Cheers rang out as the measure — hailed as a victory for the climate justice movement which hopes it will increase pressure on polluting countries failing to address the global warming emergency — was greenlighted by consensus.
Pushed for years by Vanuatu, a small archipelago whose future is threatened by rising sea levels, and by Pacific islander youth, the resolution asks the International Court of Justice (ICJ) to lay out nations’ obligations for protecting Earth’s climate, and the legal consequences they face if they don’t.
“Together, you are making history,” United Nations Secretary-General Antonio Guterres said, emphasizing that even if non-binding, an ICJ opinion “would assist the General Assembly, the UN and member states to take the bolder and stronger climate action that our world so desperately needs.”
Ultimately co-sponsored by more than 130 member states, the resolution had been widely expected to be approved.
“Today we have witnessed a win for climate justice of epic proportions,” said Vanuatu Prime Minister Ishmael Kalsakau, whose country was ravaged by two powerful cyclones earlier this month.
It is “a win for people and communities across the world that are at the frontlines of the climate crisis,” said Lavetanalagi Seru, regional policy coordinator for the Pacific Islands Climate Action Network.

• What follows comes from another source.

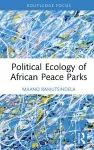 Political Ecology of African Peace Parks cover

The government of Vanuatu started lobbying for the measure in 2021, after a campaign initiated by a group of students from a Fiji university in 2019.
The adoption comes at a critical moment days after the UN’s IPCC panel of climate experts warned global average temperatures could reach 1.5 C above pre-industrial levels by 2030-2035, underlining the need for drastic action this decade.
– ‘Most important’ –
While nations have no legal obligation under the 2015 Paris Agreement to meet emission reduction targets, the new resolution’s backers hope other instruments, including the UN Convention on the Law of the Sea, could offer pathways for enforcement.
“This resolution centers human rights and intergenerational equity when addressing climate change — two critical points that have been missing from much of the dominant discourse,” Shaina Sadai of the Union for Concerned Scientists advocacy group told AFP.
Describing the new resolution as “the most important global move since the Paris Agreement feels accurate,” Sadai said, adding it was a critical next step for lending guidance to “lawsuits being brought in courts around the world.”
The adoption comes the same day cases opened before the European Court of Human Rights against France and Switzerland over alleged failings to protect the environment, marking the first time governments are in the court’s dock for alleged climate change inaction.
Although ICJ opinions are not binding, they carry significant legal and moral weight, and are often taken into account by national courts.
– ‘Bigger than our fears’ –
Vanuatu and supporters hope the forthcoming ICJ opinion, expected in about two years, will encourage governments to accelerate their action.
The enthusiasm however is not universal.
“I see scenarios where this request would be counterproductive,” Benoit Mayer, a specialist in international law at the Chinese University of Hong Kong, told AFP.
He warned of a possible “disaster scenario,” if the ICJ opinion is “clear and precise, but contrary to what the supporters of the request wanted.”
Although no country objected to the resolution’s consensus adoption, the United States and China, the world’s two largest emitters, were not co-sponsors.
“We have serious concerns that this process could complicate our collective efforts and will not bring us closer to achieving these shared goals,” said US representative Nicholas Hill, stressing he prefers diplomacy to “a judicial process” he warned could accentuate disagreements.
The resolution notably asks the ICJ to clarify “legal consequences” for states which “have caused significant harm to the climate system and other parts of the environment.”
It specifically asks the court to weigh obligations to “small island developing States,” which are “particularly vulnerable” to climate change, as well as obligations to future generations.
During negotiations on the Paris Agreement, US diplomats secured the addition of language specifying that the text “does not involve or provide a basis for any liability or compensation.”